La propietaria defendía que los árboles ya estaban allí cuando los vecinos compraron y que llevaban más de 20 años plantados, pero eso no impide exigir que respeten las distancias establecidas.

Árboles entre dos parcelas
Árboles entre dos parcelas |Envato
Lucía Rodríguez Ayala
Fecha de actualización:

La Audiencia Provincial de Málaga ha confirmado que los propietarios de una vivienda deberán talar o trasplantar varios árboles situados junto al lindero con la casa de sus vecinos, aunque estos ya estaban plantados cuando los nuevos propietarios compraron el inmueble. Para la justicia, adquirir una vivienda con los árboles del vecino ya existentes no supone renunciar a exigir después que respeten las distancias legales.

Según la sentencia de 19 de noviembre de 2025, los vecinos compraron la vivienda y posteriormente reclamaron que se retiraran los árboles que estaban demasiado cerca de la separación de ambas parcelas, pero la propietaria se negó justificando que daban intimidad a su casa y llevaban más de 20 años plantados allí y no causaban ningún perjuicio. 

El Juzgado de Primera Instancia número 4 de Estepona dio la razón a los nuevos vecinos y ordenó la tala o trasplante, con eliminación de raíces y evitando el rebrote, de los árboles que estuvieran a menos de dos metros del lindero y de los arbustos o árboles bajos situados a menos de 50 centímetros, algo que posteriormente confirmó la Audiencia Provincial. 

Haber comprado la casa con los árboles ya plantados no impide reclamar su retirada

El artículo 591 del Código Civil, que establece que los árboles deben plantarse a la distancia fijada por las ordenanzas o la costumbre del lugar y, si no hay una regla específica en la zona, a una distancia mínima de dos metros si son árboles altos y 50 centímetros si son arbustos o árboles bajos. También reconoce al propietario el derecho a pedir que se arranquen los árboles plantados a una distancia inferior.

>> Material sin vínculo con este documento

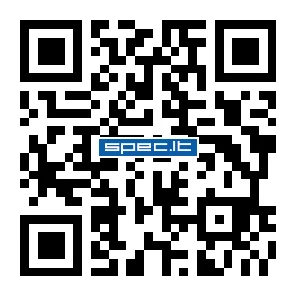 QR kodas | JUOVINĖ, UAB | spec.lt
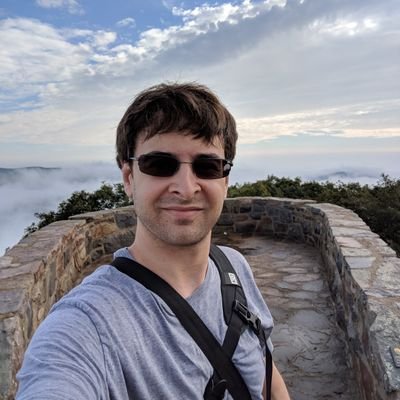 Profile Picture of Edward Venator (@fourpenguins) on Twitter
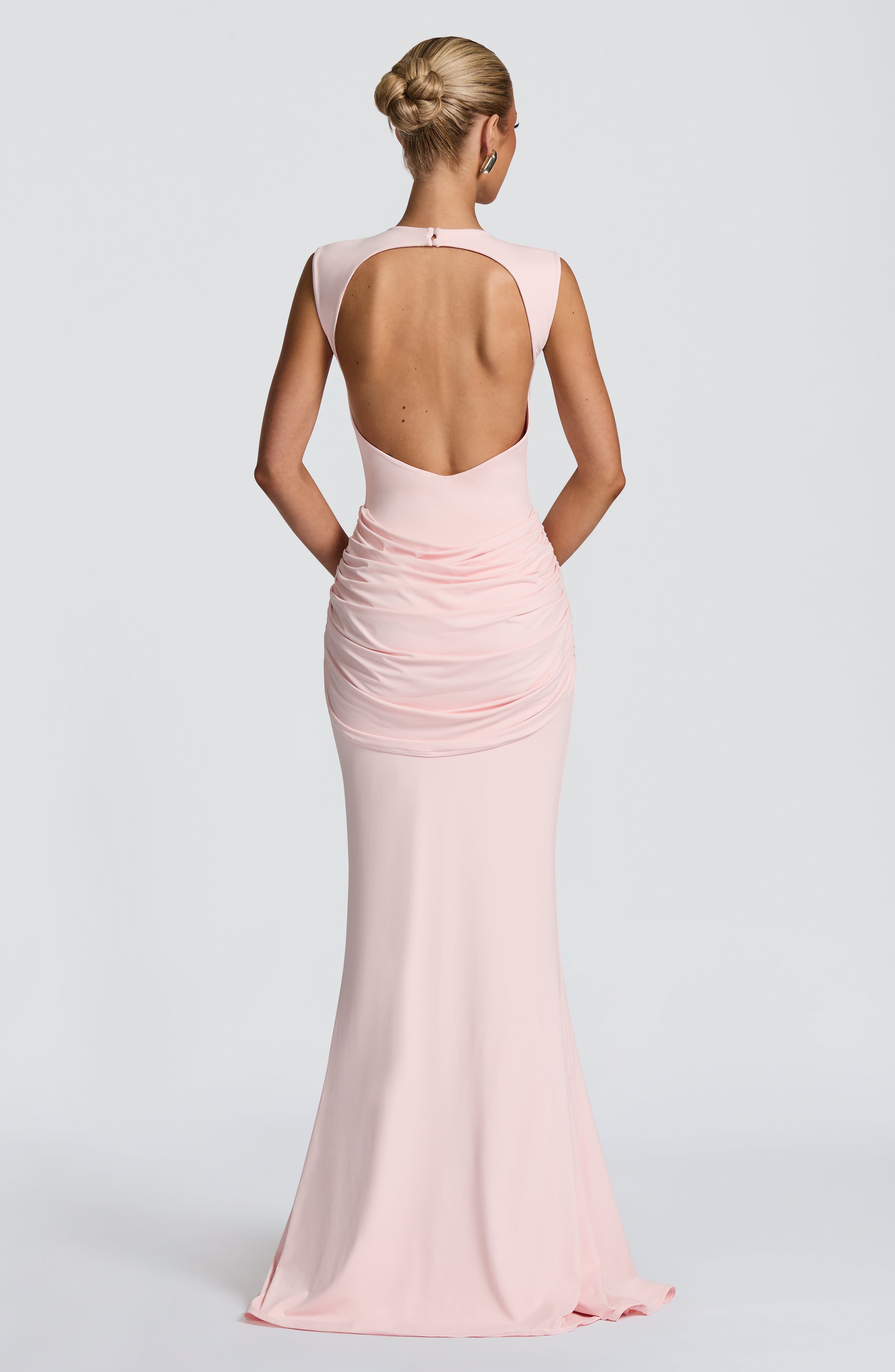 Vestido Leronza Maxi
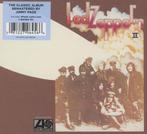 Led Zeppelin – Led Zeppelin II, Verzenden, Zo goed als nieuw, Overige genres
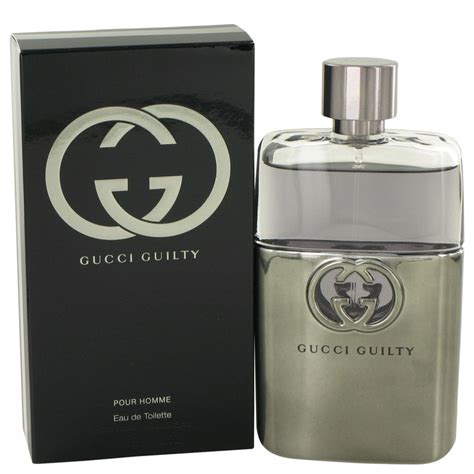 cheap gucci guilty cologne|Gucci Guilty for men price.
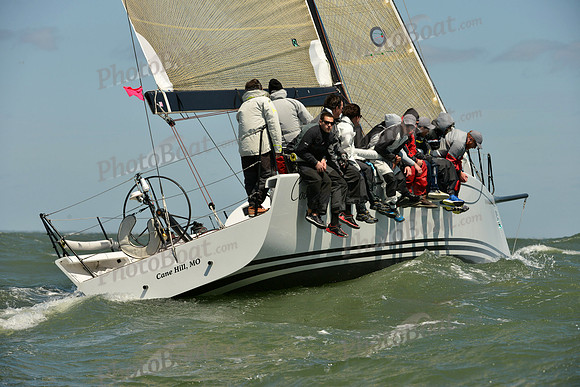 2016 Charleston Race Week C 0507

Aunque la propietaria se apoyaba expresamente en que esto no aplicaba porque los árboles estaban plantados de antes y la norma indica expresamente “Todo propietario tiene derecho a pedir que se arranquen los árboles que en adelante se plantaren a menor distancia de su heredad”, la Audiencia Provincial de Málaga aplicó la doctrina del Tribunal Supremo que indica que el derecho del nuevo propietario no desaparece porque haya comprado la vivienda cuando los árboles ya estaban plantados.

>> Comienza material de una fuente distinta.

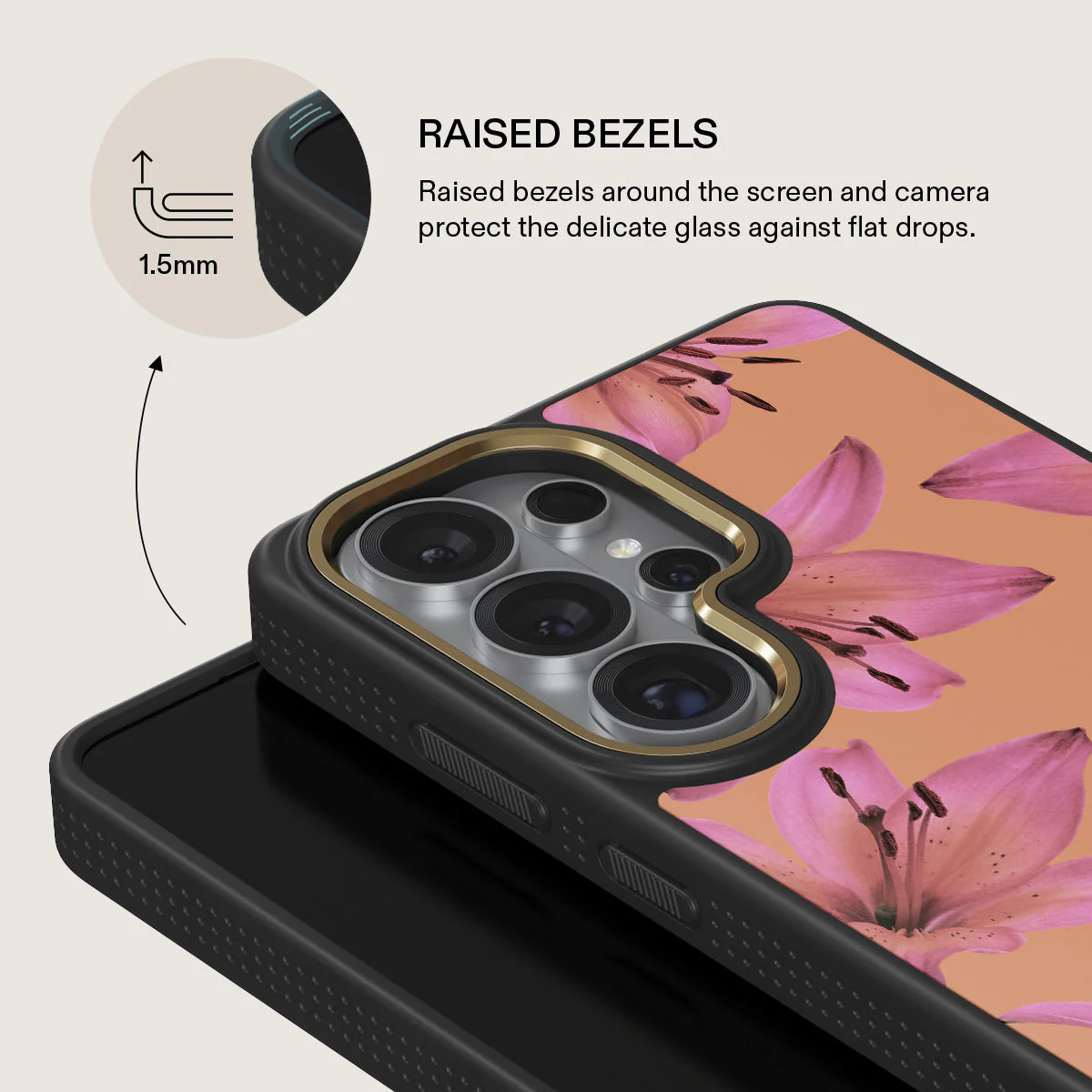 Eden - Samsung Galaxy S26 Ultra Case - Image 8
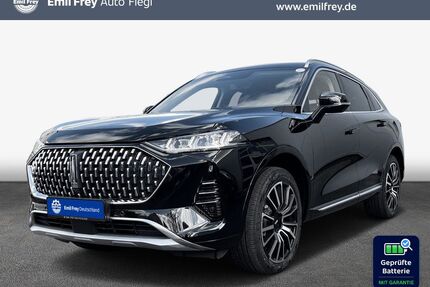 GWM Wey 05 Gebrauchtwagen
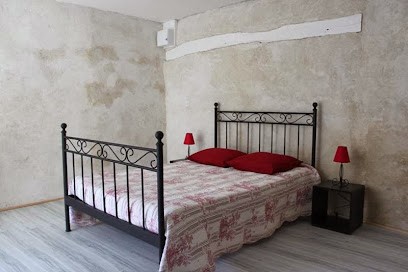 Chambres D'Hotes DuMas, Chambre d'Hôtes à Entrechaux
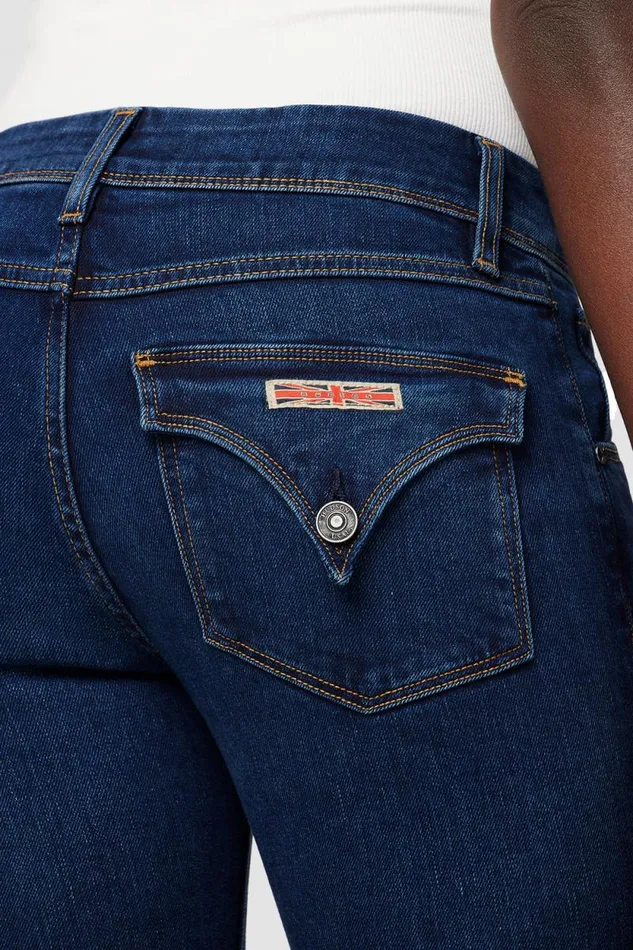 Bootcut Women Hudson Jeans Beth MidRise Baby Bootcut Jean Obscurity Bootcut Women Hudson Jeans Beth MidRise Baby Bootcut Jean Obscurity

La situación sería diferente si, como recoge el artículo 591, se acreditara que los árboles ya existían cuando se delimitaron originalmente las parcelas y se crearon como inmuebles independientes, algo que en este caso no se demostró. 

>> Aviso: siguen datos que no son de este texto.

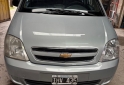 Autos - Chevrolet Meriva 2009 Nafta 190000Km - En Venta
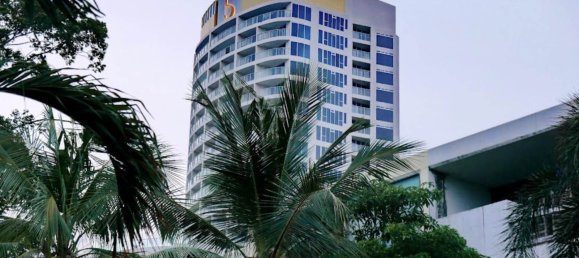 شقة 1 غرف نوم  في Sands Pattaya, Thailand رقم 29351 8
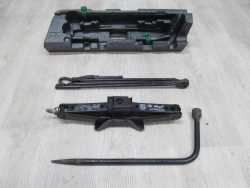 FORD TRANSIT VI 00-06 LEWAREK PODNOSNIK ZESTAW WKLAD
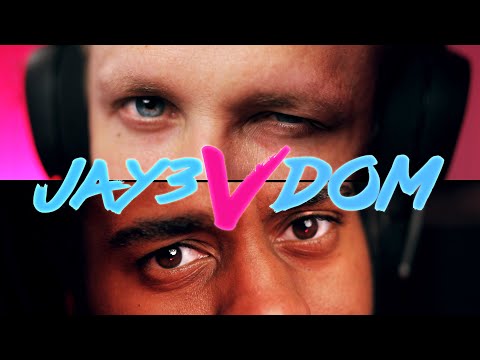 Destroyed by Jay3 in an Overwatch 1v1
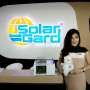 Indonesia Pasar Terbesar Kedua Solar Gard di Asia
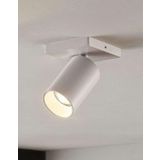 mtlights modern spor kare led spot beyaz panasonıc ampulü günışığı ampullü koridor mutfak banyo salon MYL003403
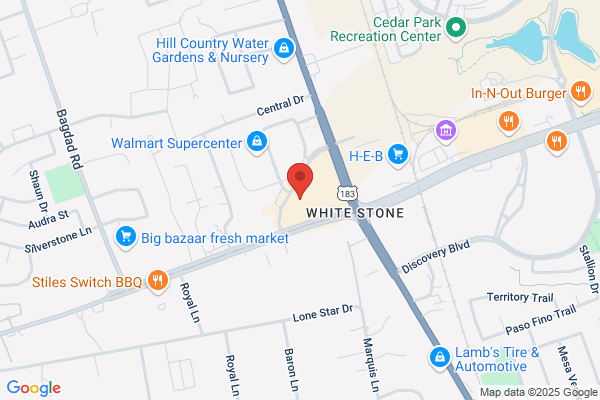 The Shops at Whitestone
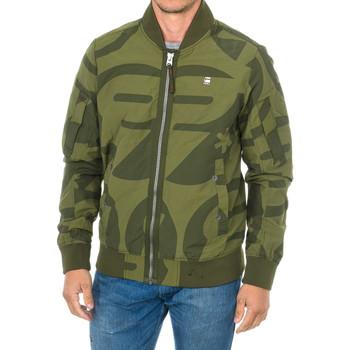 Image of Veste G-Star Raw D01253-7705-6016-SAGEAO
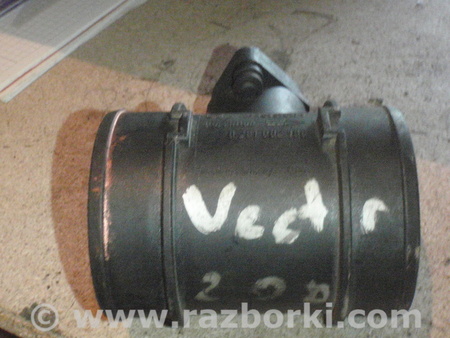 Расходомер воздуха для Opel Vectra B (1995-2002) Львов 0281002180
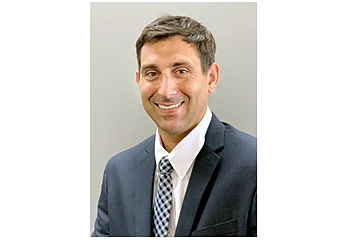 Robbie Kelley - VADEN ASSURANCE  Savannah Insurance Agents image 1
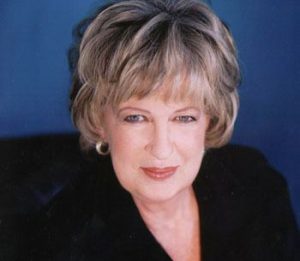 Jayne Eastwood Age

Los árboles incumplían las distancias y la propietaria no aportó pruebas que desmintieran al perito

Los vecinos aportaron un informe pericial que concluía que había cinco árboles junto al lindero que no respetaban las distancias previstas en el Código Civil. Entre las plantaciones analizadas había pinos de unos 7,25 metros de altura situados aproximadamente a 90 centímetros del muro y cipreses de hasta 11,65 metros, algunos a 1,3 y 1,7 metros del lindero.

La propietaria sostuvo que esas mediciones eran incorrectas, pero la Audiencia destaca que no presentó otro informe pericial, documentos ni testigos que demostraran que eran incorrectos. 

Tampoco prosperó el argumento de que los árboles eran necesarios para proteger su intimidad, porque ese derecho no se veía afectado si las plantaciones se trasladaban a la distancia legal. 

Por todo ello, fue condenada a talar o trasladar los árboles, aunque la sentencia (SAP MA 5090/2025) podía ser recurrida en casación.